We expect the Galaxy S5 to offers 32GB and 64GB models, with an SD Card slot capable of offering a further 64GB of storage. What we don't know yet is how much storage is available to users on a new Galaxy S5.
iPhone 5S vs Samsung Galaxy S5: Cameras
The iPhone 5S has two cameras, a front-facing FaceTime camera and a rear-facing camera known as an iSight camera. The specifications work out as follows.
The iPhone 5S iSight camera has what Apple describes as a 'better 8Mp sensor', than either the iPhone 5 or the iPhone 5C. It lists the sensor as 8 megapixels with 1.5µ pixels. It has ƒ/2.2 aperture and a True Tone flash which has two LEDs, one of which is amber. The FaceTime Camera takes 1.2Mp photos at a resolution of 1280x960, and offers 720p HD video recording.
Importantly, the 5S no longer uses an upscaled 4Mp mode in very low light as the iPhone 5 does, and photos taken in dark conditions have much less noise. In good light, you won't see a huge difference between images from the two iPhones, but at night, the 5S does a better job.
We obviously haven't yet tested the Galaxy S5's camera, but expect a primary camera with a 16Mp sensor, autofocus and LED flash. Up front there is likely to be a 3.2Mp camera. You'll be able to capture video at 1080p and 60 frames per second. Suggested camera features include simultaneous HD video and image recording, geo-tagging, touch focus, face and smile detection, image-stabilization, and HDR.
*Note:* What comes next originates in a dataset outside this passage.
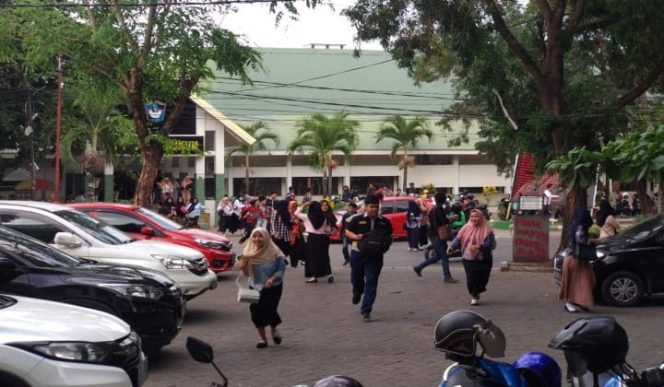 					Suasana Bentrok Kampus UMI, Mahasiswa berhamburan depan Fakultas Hukum. (BERITA.NEWS/Andi Khaerul). 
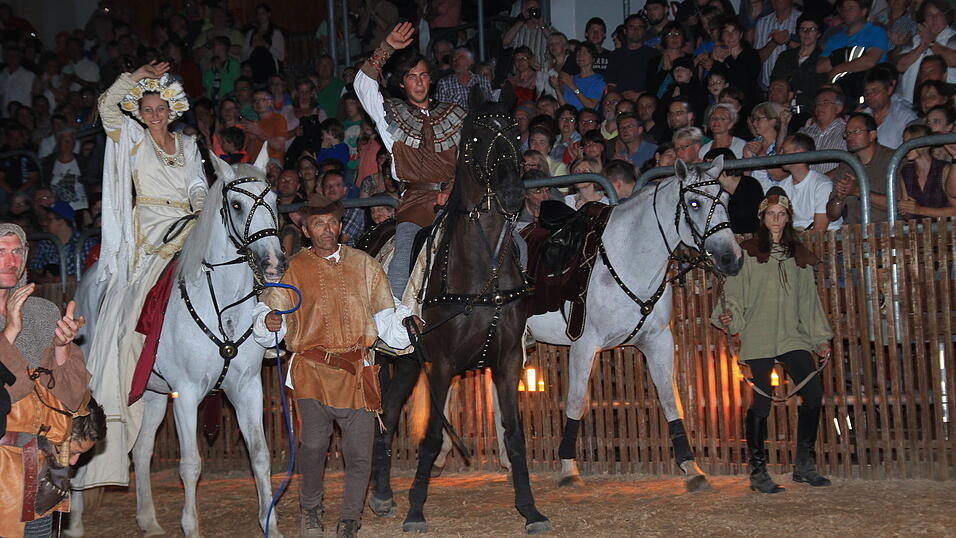 2013 hatte der Drachenstich f&uuml;r kurze Zeit drei Ritterpferde. Am Ende der letzten Auff&uuml;hrung ritt Magdalena Fischer auf 'Chamberlain' in die Arena, Rupert Kellnhofer auf 'Lee'. Rechts ist Chambs Nachfolger 'Goya' zu sehen.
iPhone 5S vs Samsung Galaxy S5: Software
Software is an area where there a huge difference. Android vs iOS is a big debate and with iOS 7 comes a major overaul of Apple's mobile operating system.
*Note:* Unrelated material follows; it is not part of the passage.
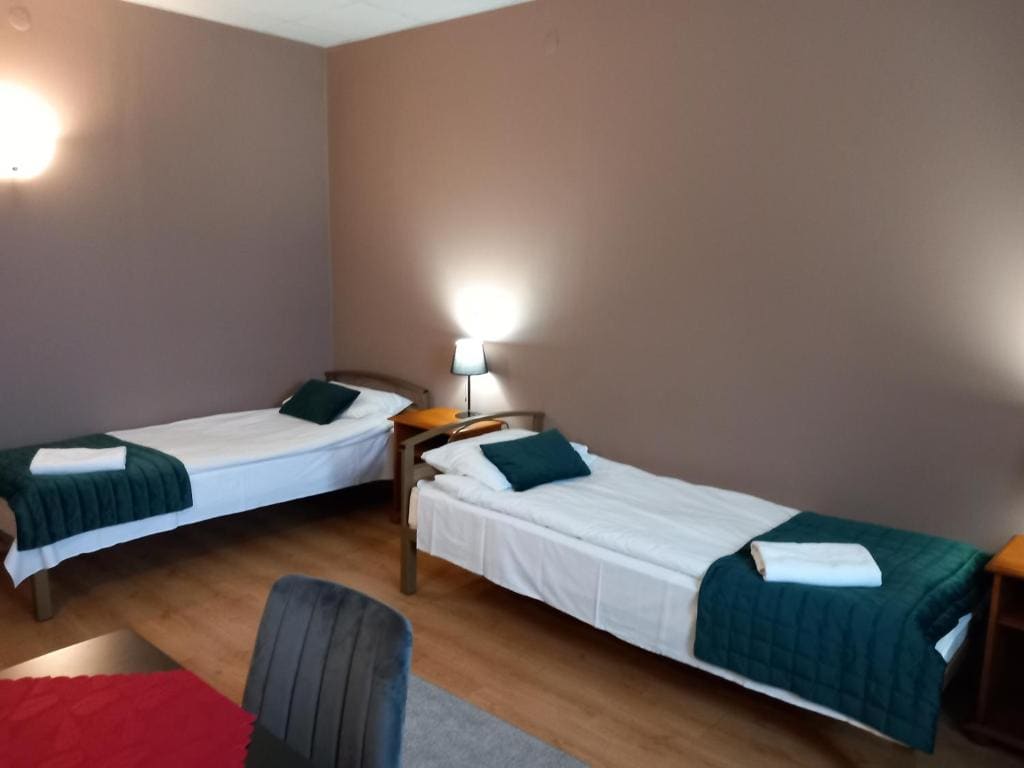 Twin Room with Shared Bathroom room - Image 3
On the plus side, iOS 7 now comes with a much needed quick settings feature called Control Center. There are also other tweaks and improvements such as better multi-tasking and lock screen access to the notification centre.
Apple has the strong App Store store on its side but iOS has a distinct lack of customisability which is Android's major strong point.
The Galaxy S5 will come with Samsung's take on Android 4.4 KitKat. This is Google's most mature and easy-to-use mobile OS, albeit overlaid with Samsung's TouchWiz interface. If you've used a Samsung phone before you'll know what to expect. The bottom line is a good and intuitive experience that may just lack Apple's ultimate polish, but offers you the option to purchase music and other media from multiple sources. Android may be less secure than iOS, too. (You can find more on this in my companion piece: iPhone 5s vs Nexus 5 smartphone comparison review.)
If you are an iPhone user who is happy with iOS7 it is unlikely much about the Galaxy S5 will persuade you to make the jump to Android - pending something amazing at the Unpacked announcement at MWC. The Galaxy S5 will be fast, well built, full featured. It will have a big bright and bold screen, and good cameras, and it will offer good storage and connectivity options. But all of the above is true of the iPhone 5S. The days are over when Apple was far ahead of other smartphone makers, but it remains at the top of the tree when it comes to making high-class phones.